Friday, July 29, 2011

Kim Wright talks about Hiding in Plain Sight, and being seen



Kim Wright's wonderful new novel, Hiding in Plain Sight, is about female friendships, marriage, infidelity and how we shape and view our lives. I asked Kim if she'd write something for me, and I'm honored to host her here. Thank you, thank you, Kim!



Hiding in Plain Sight
By Kim Wright

In the mystery I’m working on now I’ve got a character – my bad guy, my villain, my favorite – who brags that he knows how to hide in plain sight.  He explains how his father took him quail hunting as a boy and taught him that success wasn’t a matter of complicated subterfuge but rather knowing how to blend into your environment so that the birds registered your presence, but didn’t perceive it as a threat. It’s his method for murder and my method for writing.

Writers have complicated feelings about being seen or unseen.  On one level, our profession depends on our ability to observe things without being observed in return.  In that way we’re like spies, and I spent my childhood, in fact, sitting in a tree in my grandmother’s yard wearing a black turtleneck and pretending to be a secret agent.  The superpower I most craved was invisibility and recently I’ve come to understand that this was a common fantasy among children who grew up to be writers.  Years later, as a college student determined to master the rhythms of dialogue, I would sit in a mall food court with a notebook, eavesdropping and transcribing conversations.

The realities of writing only make our natural born tendencies toward isolation and sneakiness worse.  We work alone.  We rarely talk to others.  We squirrel away into corners.  We mutter.  It’s pretty close to my childhood dream of invisibility.

And then the book comes out.

All of a sudden, with a speed that seems both jarring and cruel, we’re expected to transform ourselves into public characters.  While the job of the writer is to write, the job of the author is to tweet, blurb, blog, tour, engage, and promote.  Of course we want our books to be successful and all that comes with it.  We want to be seen, seen often, and preferably seen on Good Morning America. 

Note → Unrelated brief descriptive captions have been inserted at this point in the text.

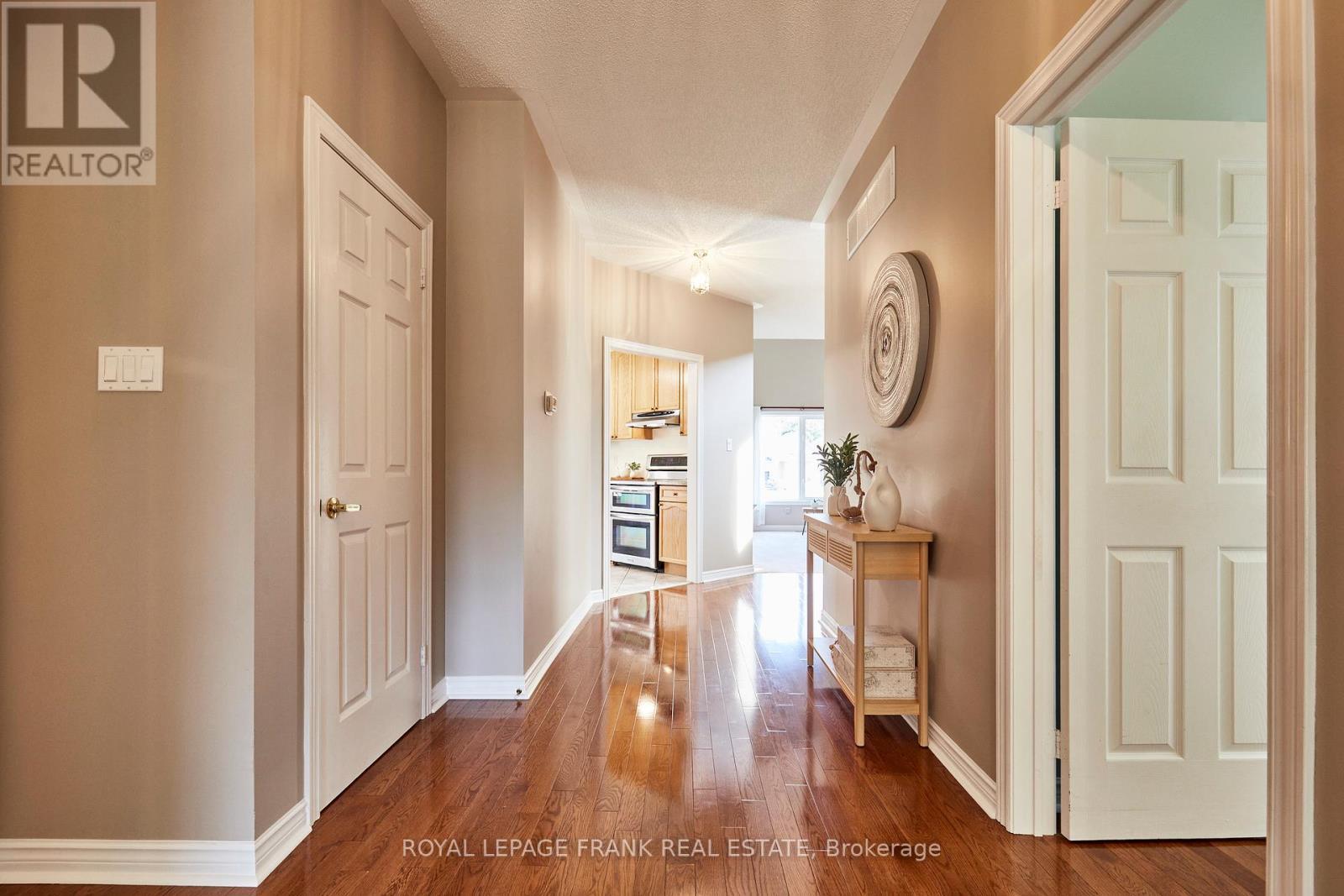 












65 WATERBURY CRESCENT

,
Scugog (Port Perry),




Ontario
L9L1R9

But even these frenzied marketing attempts are a snap compared to the other ways in which publication makes us suddenly visible.  Because when people read your books, they feel that they know you.  More specifically, they believe that your main character is you. I’ve stood in front of many groups and sat in the circles of many book clubs, fielding the same questions: Is the book autobiographical?  Is Elyse you?


In some ways I’ve invited this assumption, since I set my novel in my own home town and made my heroine a woman who is about my age, also divorced, and someone who furthermore has - as so few people do - brown hair.  But I suspect writers go through a variation of this scrutiny even if they set their books in 15th century Japan or 28th century Saturn.  We all put our own thoughts into our character’s heads, our own fears into their plot twists.  We all have one that we identify with most, whether we share surface similarities or whether we deliberately cast our secret selves into the character who least resembles our public persona.  The resultant characters are us and not us and there are a thousand different ways to talk about this, different levels of confession for each writer which feel appropriate and true.

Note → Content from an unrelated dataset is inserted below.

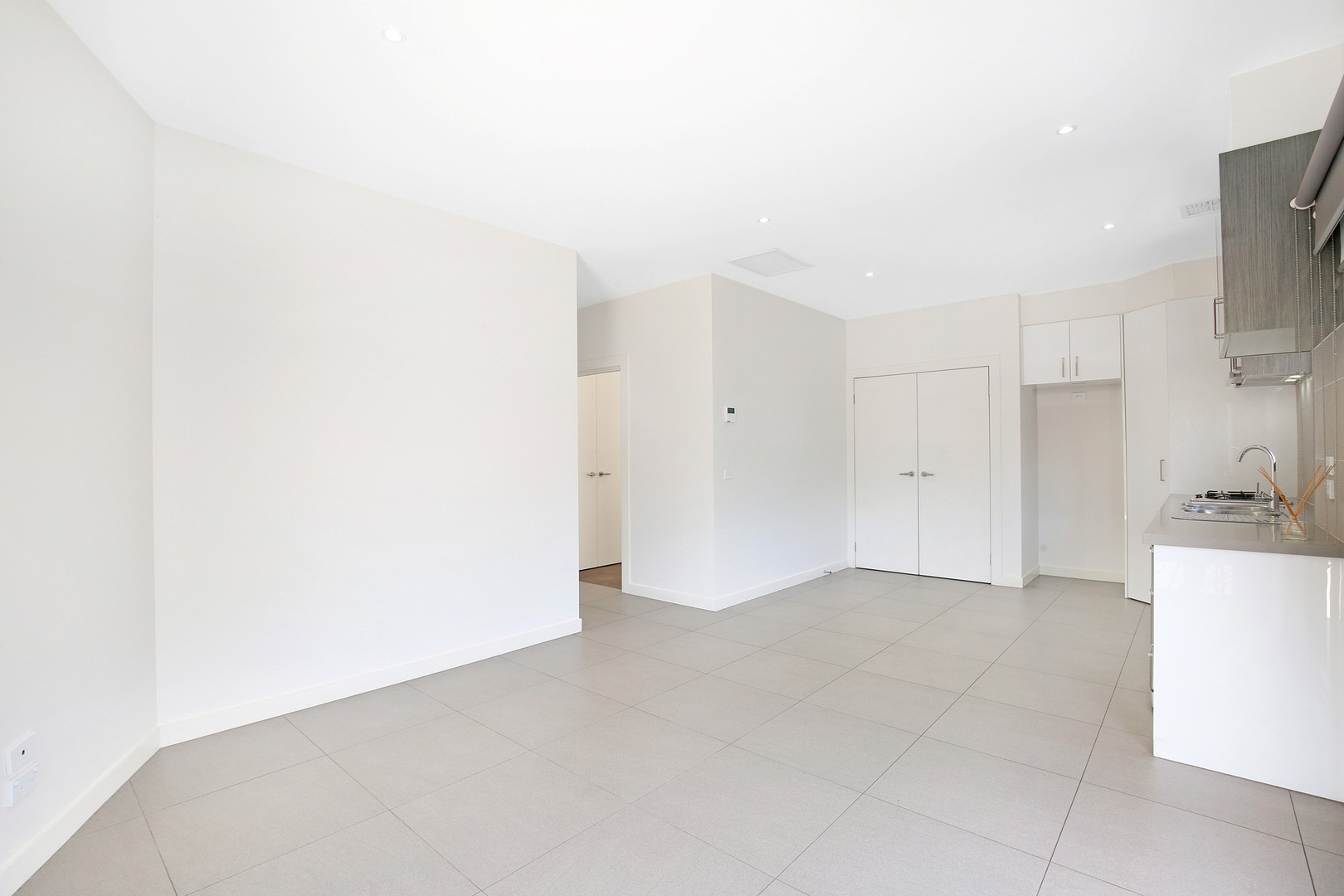 2/3 Clover Court, Thomastown, VIC 3074, Thomastown - Thumbnail 3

Sometimes I think the whole writing-to-publishing process is designed to take people who are half-crazy already and drive them fully insane.  Because the first part of the process, writing, requires you to be anonymous, and the second half of the process, publication, requires you to be famous.  And when someone stands up at a reading and quotes your own words back to you, it feels like you’re not only seen, but exposed.

But it’s part of the process, so writers who plan to keep writing learn to deal with it.  For me, proclaiming that all of my characters are actually parts of myself  - and yes, in many ways, Elyse more than any of them - is my own little ruse for preserving some privacy.  If you say there’s no mystery, then no one tries to solve the mystery.  In the meantime I struggle with the issue of someone who simultaneously wants to be seen and unseen.  And, like my fictional bad boy, I’ve opted to hide in plain sight.